Cour d'appel, 1ère chambre civile, 7 mai 2026 — n° 23/00534
Synthèse de la décision
Question juridique
La création d'une vue directe sur la propriété voisine constitue-t-elle un trouble de jouissance justifiant une demande de suppression ?
Principe retenu
La création d'une vue directe sur la propriété d'autrui peut constituer un trouble de jouissance, mais il appartient à la partie demanderesse de prouver l'existence d'un préjudice distinct et d'un abus de droit de la part de son voisin.
Faits clés
- Madame [U] [Z] est propriétaire d'une maison depuis le 31 octobre 2018.
- Monsieur [K] [W] est propriétaire de la parcelle voisine.
- Une fenêtre au premier étage de l'habitation de [K] [W] crée une vue directe sur la propriété de [U] [Z].
- Une demande de conciliation a été faite pour supprimer cette vue et réaliser une clôture occultante.
- Le tribunal judiciaire a débouté [U] [Z] de ses demandes et a condamné [U] [Z] à payer des frais à [K] [W].
Dispositif
PAR CES MOTIFS
,
La cour statuant,
Confirme le jugement déféré en toutes ses dispositions ;
Et y ajoutant,
Déclare irrecevable la demande en expertise judiciaire formée à titre subsidiaire par [U] [Z], épouse [S] ;
Déboute [U] [Z], épouse [S], de sa demande indemnitaire pour résistance abusive et injustifiée ;
Condamne [U] [Z], épouse [S], aux entiers dépens comprenant ceux de première instance et d'appel ;
Condamne [U] [Z], épouse [S], à payer à [K] [W] la somme de 2 500 euros au titre de l'article 700 du code de procédure civile.
LA GREFFIÈRE
LA PRÉSIDENTE
Exposé du litige
EXPOSÉ DU LITIGE
[U] [Z], épouse [S], est propriétaire, depuis le 31 octobre 2018, d'une maison d'habitation située sur la parcelle [Cadastre 1], sur la commune de [Localité 2].
[K] [W] est propriétaire de la parcelle voisine cadastrée [Cadastre 2].
[U] [Z], épouse [S], déplore la création d'une vue « directe » sur sa propriété depuis le premier étage de l'habitation de [K] [W].
[U] [Z], épouse [S], a présenté une demande de conciliation afin d'obtenir (i) la suppression de la vue droite qu'elle estime illicite et (ii) la réalisation d'une clôture (grillage ou lisses de bois, végétalisée), occultante, d'une hauteur de 1,80 m, implantée dans le respect des règles de retrait et de distance.
Une tentative de conciliation est intervenue le 8 décembre 2020 qui a abouti à un procès-verbal de carence.
Par acte du 16 juin 2021, [U] [Z], épouse [S], a fait assigner [K] [W] devant le tribunal judiciaire de Caen.
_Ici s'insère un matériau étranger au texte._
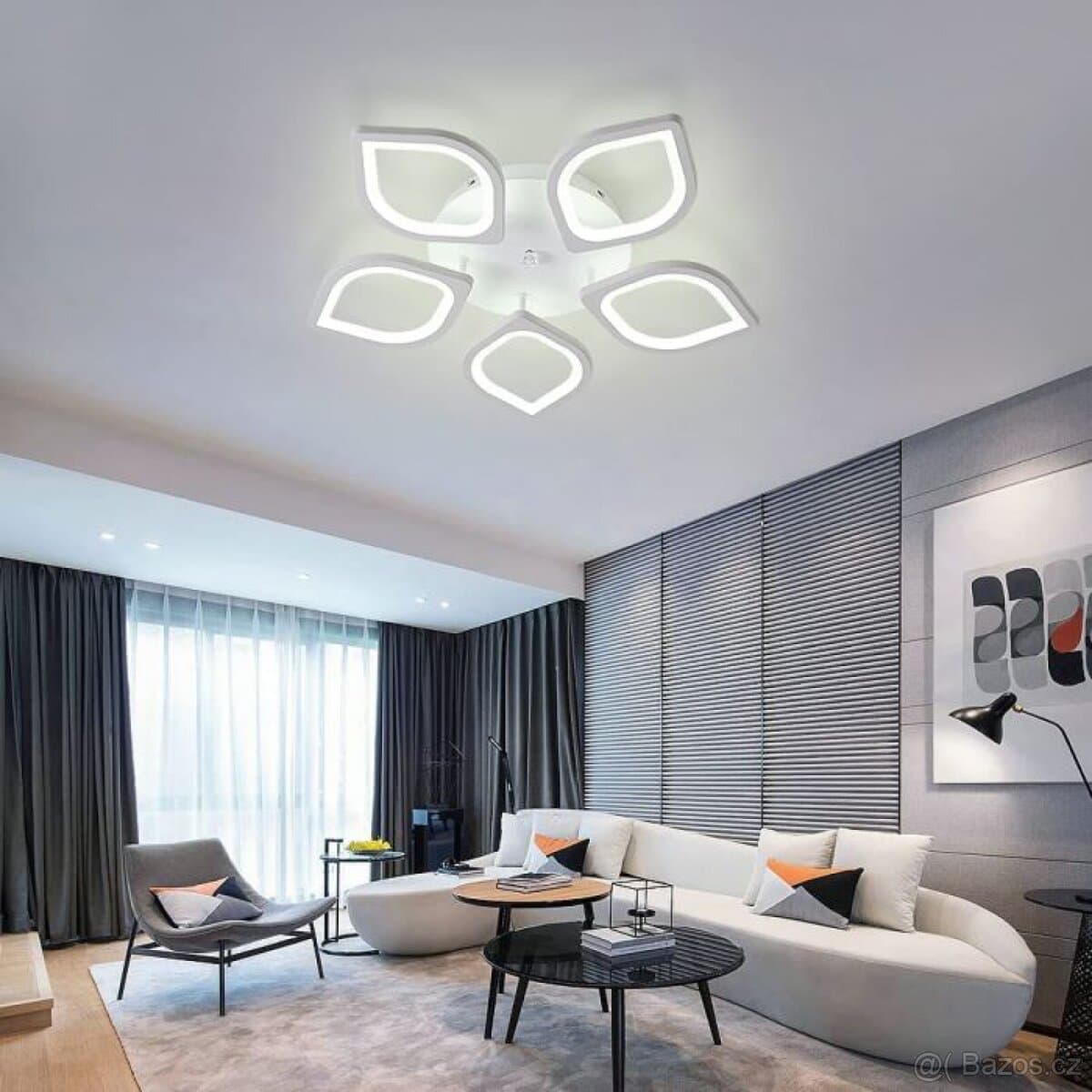 Designové stropní LED svítidlo s motivem okvětních lístků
Elle sollicitait, notamment, la suppression la vue « directe » créée sur son immeuble par une fenêtre du fonds voisin au premier étage de l'habitation, sous astreinte définitive de 500 euros par jour de retard à courir à l'expiration d'un délai d'un mois une fois la décision rendue, sous le bénéfice de l'exécution provisoire, ainsi que la réalisation d'une clôture occultant la vue d'une hauteur de 1,80 m sur sa propriété en respectant les limites de retrait et de distances, également sous astreinte de 500 euros par jour de retard à courir à l'expiration d'un délai d'un mois une fois la décision rendue qui sera assortie de l'exécution provisoire.
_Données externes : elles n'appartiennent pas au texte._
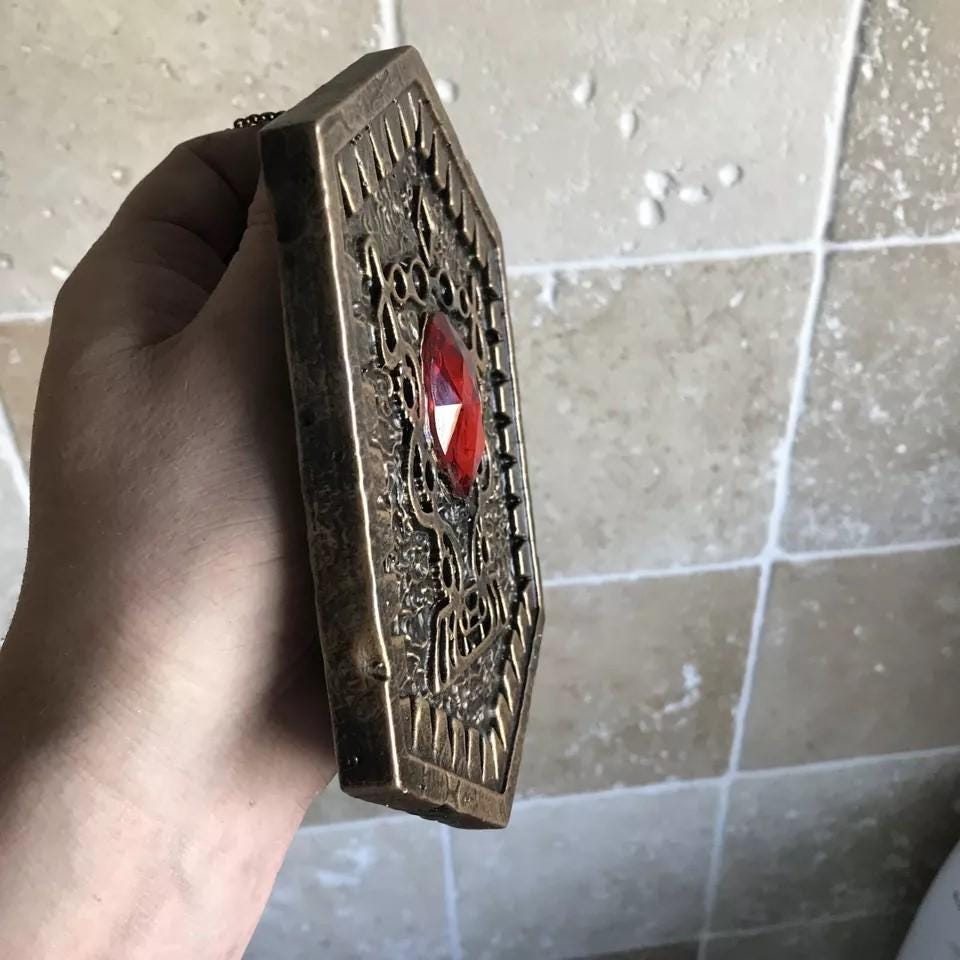 Bride of Chucky Heart of Damballa Amulet! Child's Play Replica! Large Human Size! Chucky Cosplay Prop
Par jugement du 2 février 2023 auquel il est renvoyé pour un exposé complet des prétentions en première instance, le tribunal judiciaire de Caen a :
- débouté [U] [Z], épouse [S], de l'intégralité de ses demandes ;
- condamné [U] [Z], épouse [S], à payer à [K] [W] la somme de 2 000 euros au titre des dispositions de l'article 700 du code de procédure civile ;
- condamné [U] [Z], épouse [S], aux dépens ;
- dit n'y avoir lieu à écarter l'exécution provisoire de droit.
Par déclaration du 28 février 2023, [U] [Z], épouse [S], a formé appel de ce jugement.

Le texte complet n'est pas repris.